Dec 29, 2005

Black Workers Wield Power!

By Amadi Ajamu

The historically militant Transport Workers Union Local 100 (TWU) has given the working class people in the New York City a renewed sense of power. Global market-driven politics of the 21st century demand labor resistance with a concrete political and economic force. The TWU strike in the international hub of New York City challenged the vice-like grip of corporate economic rule and government collusion on both administrative and judicial levels. Black workers took the lead and shut it down.

Unlike other unions in New York City, the TWU, under the bold leadership of a soft spoken Black man named Roger Toussaint, refused to split worker ranks. When the Metropolitan Transit Authority's "final offer" proposed cuts to the pension benefits to future workers, hence pitting old against new workers, Mr. Toussaint, President of Local 100, rebuked the proposal stating "I will not sellout the unborn."

The TWU's 33,700 predominantly black workers walked off the trains and buses on this selfless principle. On the ground, in the streets of Harlem, Bronx, Brooklyn and Queens where black people represent the majority of the population, there was solid support for the strike which lasted three days. Transit workers on the picket line at the Bergen Street depot in Brooklyn were joined by the New York City Peoples' Coalition, an adhoc organization of strike supporters who brought hot coffee, tea, and fruit to workers. "We've got people at several different depots around the city standing in solidarity with TWU. This strike is important to every worker in this city. Our position is that we are on strike too. All workers should refuse to cross the picket lines and join the strike," said Roger Wareham spokesman for the group.

As cars and vans passed, most people blew their horns and raised the "black power" fist in support. Teachers from a nearby high school brought a group of their students out to the depot to support the workers and give the students "an education in real life." The teenagers were eager to get the workers' side of the story. "You are the future workers whose pension the MTA wants to cut" one of the bus drivers explained. "We are fighting for you and us. We have to show the MTA our power. We want respect, a decent wage and benefits. No give backs or selling out our children."

The economic impact of the strike was instant. Millions could not get to work. Commercial deliveries could not get through the traffic-choked streets. Prime time week-before-Christmas shopping was impossible. The TWU struck a major economic blow to the entire tri-state area.

Invoking the Taylor Law which prohibits strikes by public employees, Mayor Bloomberg and Governor Pataki virulently promised to make the TWU pay severe penalties. Black Judge Theodore Jones played hardball in the courtroom and fined TWU one million dollars for each day of the strike and threatened to jail Mr. Toussaint for contempt.
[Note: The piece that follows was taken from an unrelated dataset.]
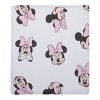 Disney Minnie Mouse - Blushing Minnie - 4 Piece Toddler Bed Set - 3 of 4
Ironically, a closer look at the Taylor Law reveals the MTA's own violation. Daily News columnist Juan Gonzalez exposed the violation, citing Section 201 of the law which clearly states that "no such retirement benefits shall be negotiated pursuant to this article, and any benefits so negotiated shall be void." According to Assemblyman Richard Brodsky, chairman of the Assembly committee which oversees the MTA, "That's what's known as an impermissible subject of bargaining." Where are the fines and jail threats to the MTA's millionaire executive club? Mayor Bloomberg and Governor Pataki are suspiciously silent on the violation of transit workers rights. Clearly, Bloomberg's "nation of laws" has distinct race and class interests. So do we!